As we speak, teachers across the world are scrambling to move their instruction online. Students are concerned about meeting educational and professional requirements. Stress levels are high. Uncertainty nags at our thoughts as we try to accomplish daily tasks like learning and working.
So what are educators supposed to do? And what should we do to help you? Let’s start by putting one foot in front of the other.
MVP is the Key
We are going to borrow a word from the corporate world and own it for ourselves: Minimum Viable Product (MVP). What is the minimum you need to put online to get the real work done? This might sound like a cop out, but it’s the first step we can take to adapt in a crisis.
“Don't judge online teaching by what you see in the next few weeks. Great online learning takes time, and the teaching and learning experiences will continue to improve over time.”
-Katie Bradford (COO, Construct SLC)
At Construct, we design online learning through the use of learner-focused instructional design, custom software development, in-house design and production, and personalized project management. But let’s establish a basic truth in this situation. We’re not designing online learning . . . we’re getting learning online. And that’s okay. Today the world needs learning online, and they need it now. They will likely need online learning in the coming months, but that is a conversation that is yet to come.

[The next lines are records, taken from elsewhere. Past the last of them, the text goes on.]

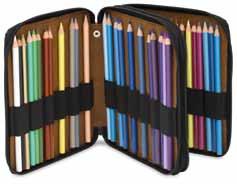 is buttery smooth, blending is effortless when wet, Colored Pencil Sets number Hardness LIST SALE 12/EA Vine and effects are permanently captured when the colors The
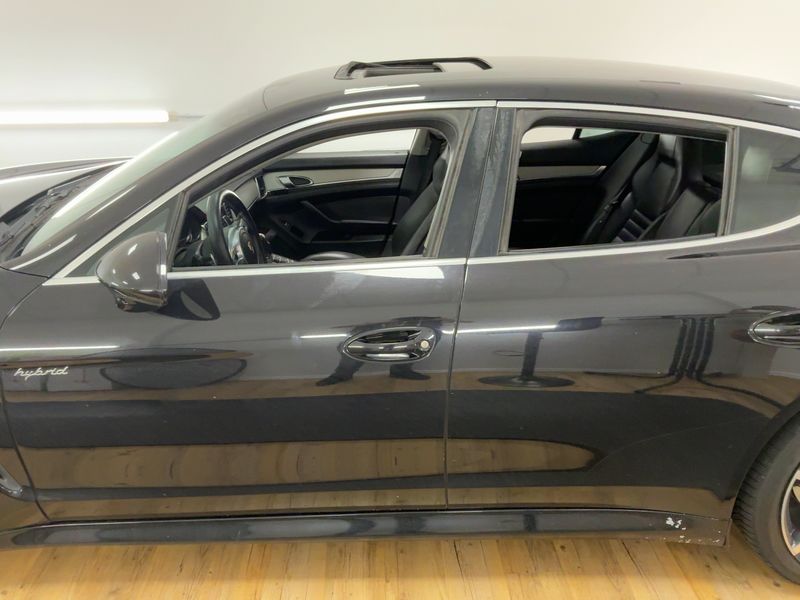 Porsche Panamera S Hybrid 2011 – снимка 4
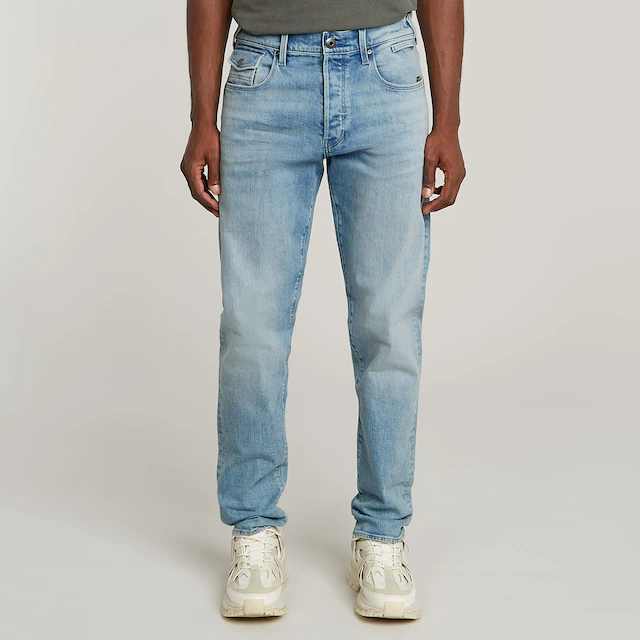 G-STAR Tapered-fit-Jeans »Morry FWD 3D Regular Tapered«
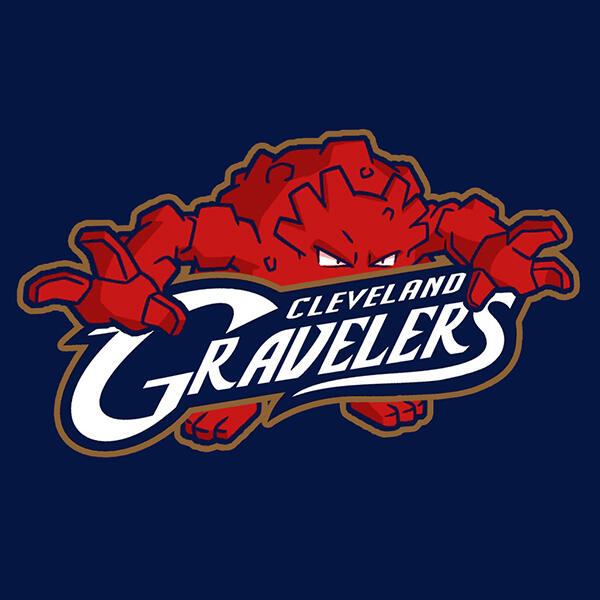 Apa Jadinya Jika Logo Tim NBA Transformasi Menjadi Pokemon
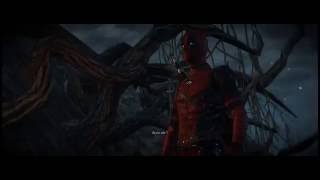 The Witcher 3  PC Mod  DEADPOOL [upl. by Ordisi358]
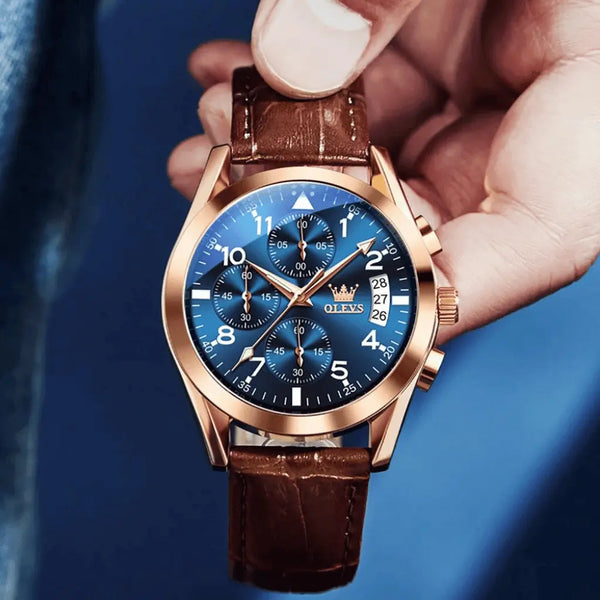 MONTRE OLEVS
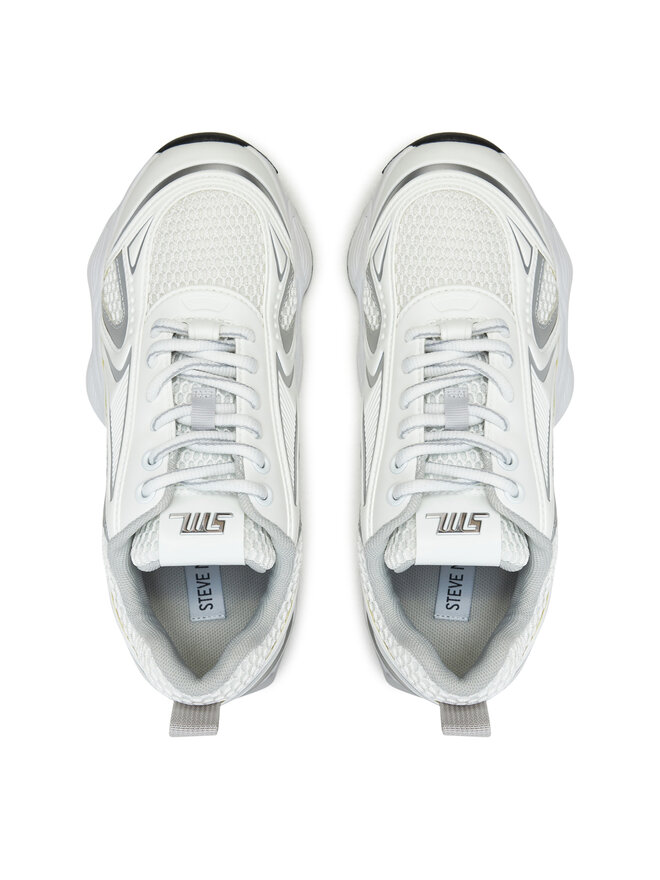 Steve Madden Sneakers Steve Madden Speedster-E SM19000122 Weiß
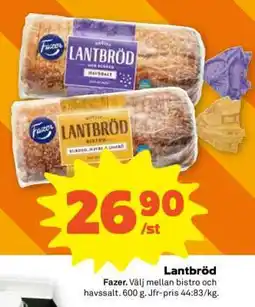 Stora Coop Lantbröd erbjuda
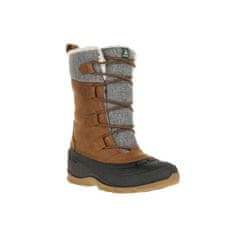 KAMIK Boty hnědé 36 EU Winterstiefel Snowgem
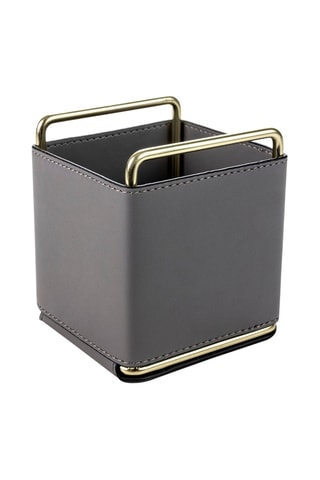 Penseelpot Frankfurt - Grijs - Somm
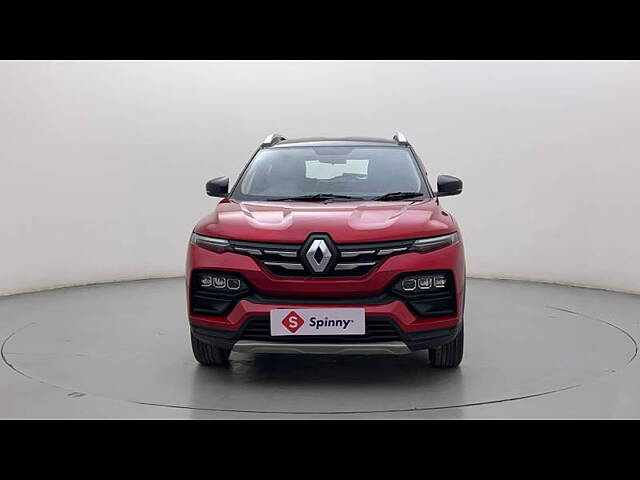 Used Renault Kiger [2021-2022] RXZ Turbo CVT Dual Tone in Bangalore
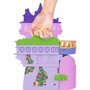 Mattel Disney Princess Mini Castillo de Rapunzel con Rapunzel y Pascal
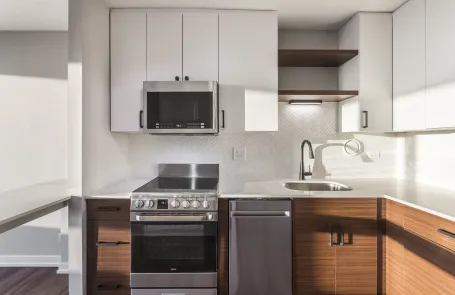 Studio South Loop Apartment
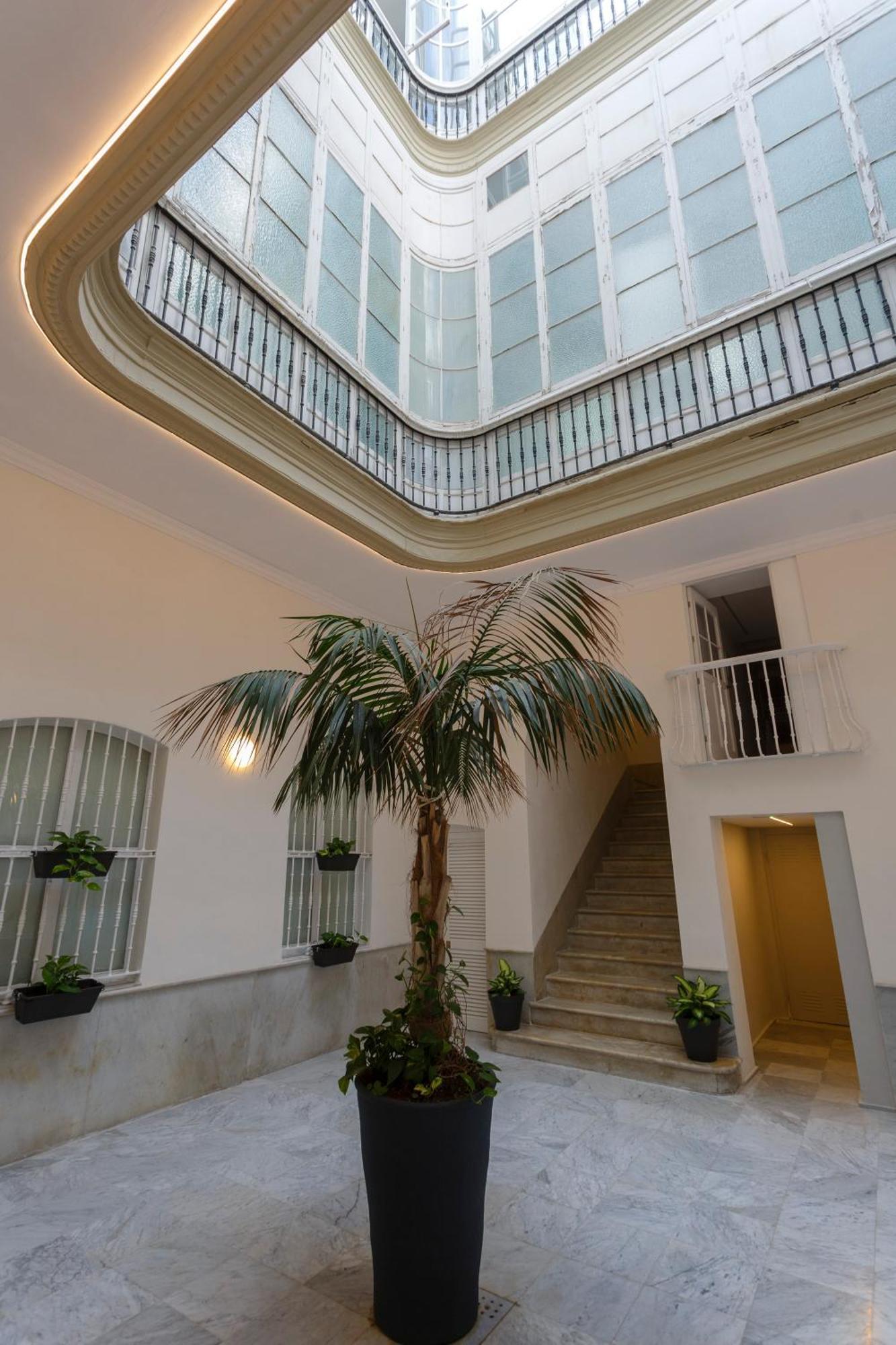 Casa Manuel De Falla By Cadiz4Rentals Exteriör bild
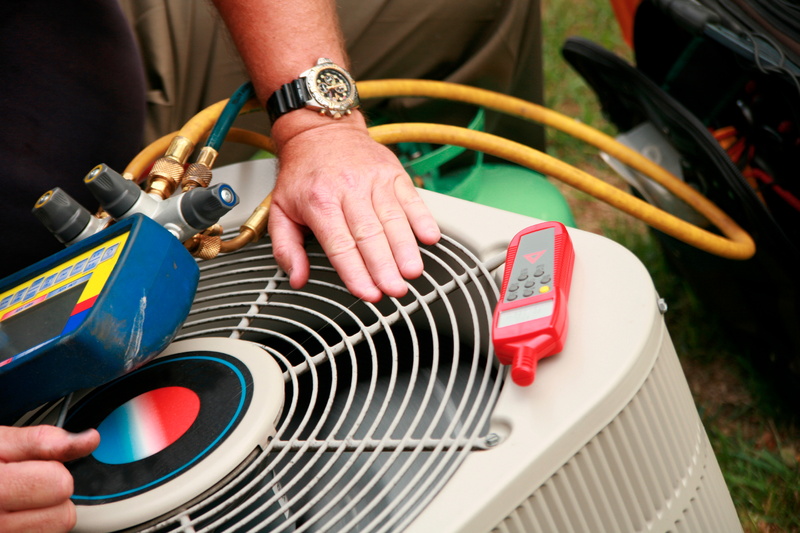 AC maintenance
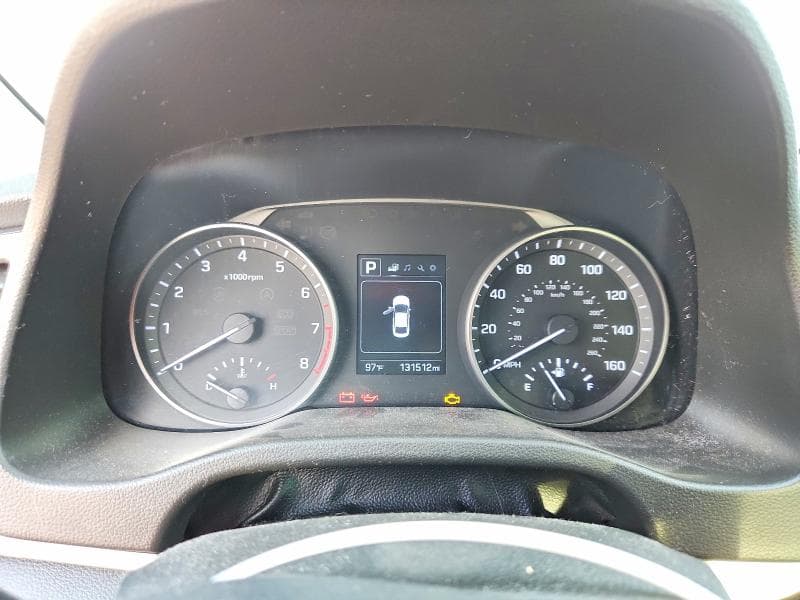 2018 HYUNDAI ELANTRA SEL 9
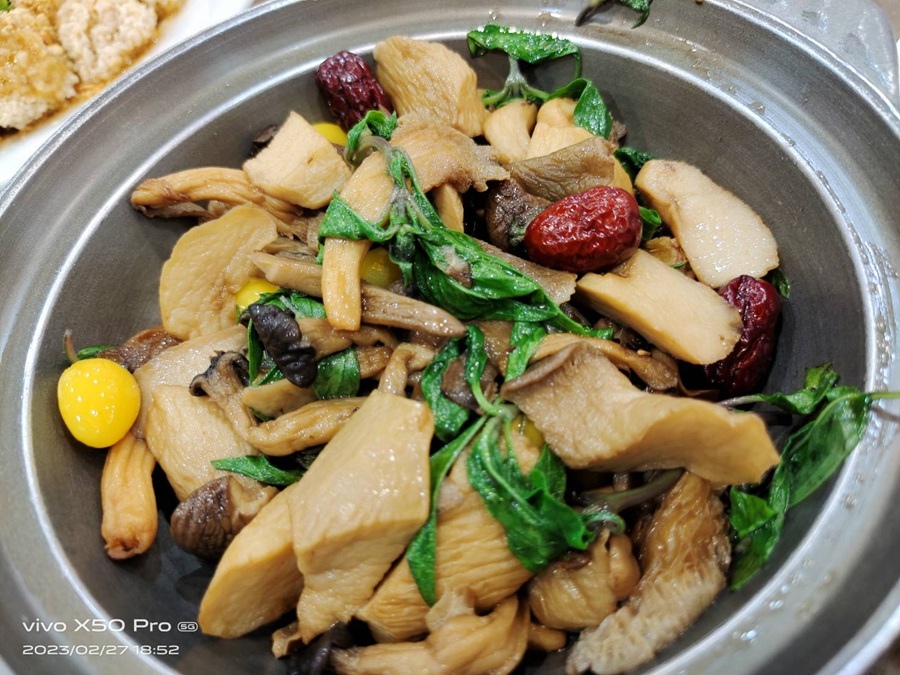 台南素食餐廳-八寶閣御廚房 台南素食餐廳-八寶閣御廚房
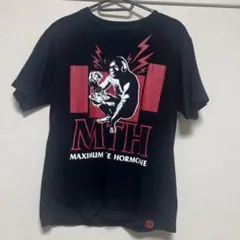 MAXIMUM THE HORMONE Tシャツ Sサイズ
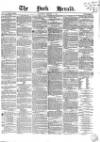 York Herald Saturday 31 October 1868 Page 1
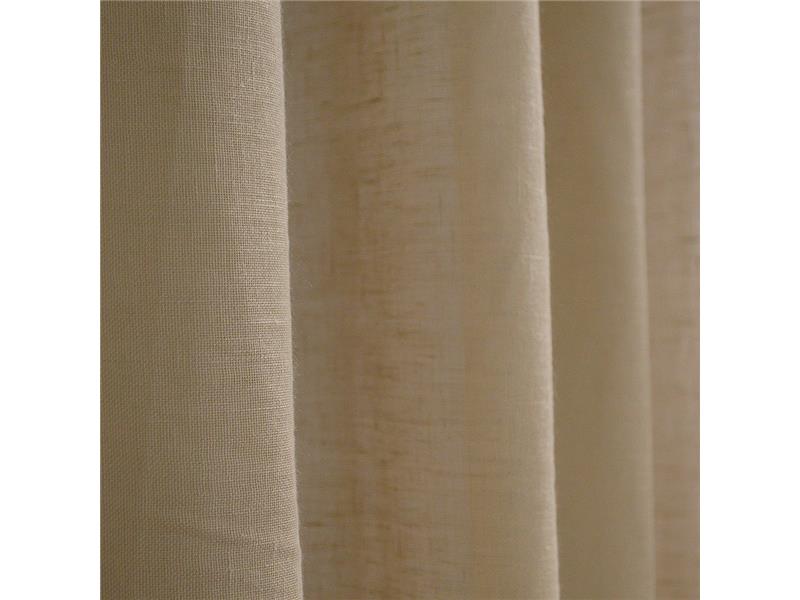 LINO ΚΟΥΡΤΙΝΑ LINE ΜΕ ΤΡΕΣΑ 106 CAMEL 145X295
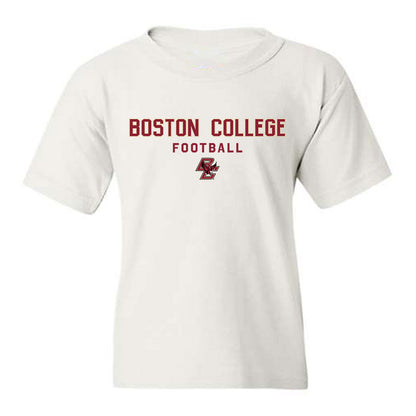 Boston College - NCAA Football : Marcus Upton - Classic Shersey Youth T-Shirt-0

What’s going to be MVP for learning online? We can start here.
1) Being Human Comes First
We’re all getting knocked down on Maslow’s hierarchy of needs a bit. As educators, we already understand that fear and scarce resources changes the brain and our priorities. What we can really do right now is prioritize connection and let the content take a back seat.
Connect with your students. This might look a little different online. You can send regular emails, remind them of upcoming assignments, and utilize online resources like video, email, and messaging to answer their questions and stay in contact.
Education Elements has tips for helping educators become more flexible while shifting to teaching online.
2) You Know More Than You Think
You’re already an expert when it comes to what you teach. Even if you wouldn’t call yourself that, you are at least ten steps ahead of your students. There are easy ways to get the knowledge in your head straight onto the online platform. Bonus? A lot of these methods facilitate rich connection.
Zoom, a video call platform, offers a series of simple tutorials
The Online Learning Consortium provides a free webinar with tips and tricks for teaching with zoom or other video platforms
Instructure has resources including Tools for Online Learning When the Classroom Closes
3) Keep it Simple
When we can’t rely on “business as usual,” it’s even more important to provide students with a clear and simple path forward. The best way to help students feel supported and confident in an online environment is to set a repetitive course structure.
Over the coming days and weeks we will add additional resources here on our website, including examples of how to do some of these things. If you need to talk we’ll listen, just send a message and we’ll be in touch. We are here to help.
Difficult times really can make us better. In the long run, this experience will likely make online learning better for you and your learners. While we don’t have every answer about what the future is going to look like, we hope we can give you some knowledge to hold onto during this time of change.
Head of Learning, Construct (Salt Lake City)
Chief Learning Officer, Construct
Learning Designer, Construct
Head of Learning, Construct (Cape Town)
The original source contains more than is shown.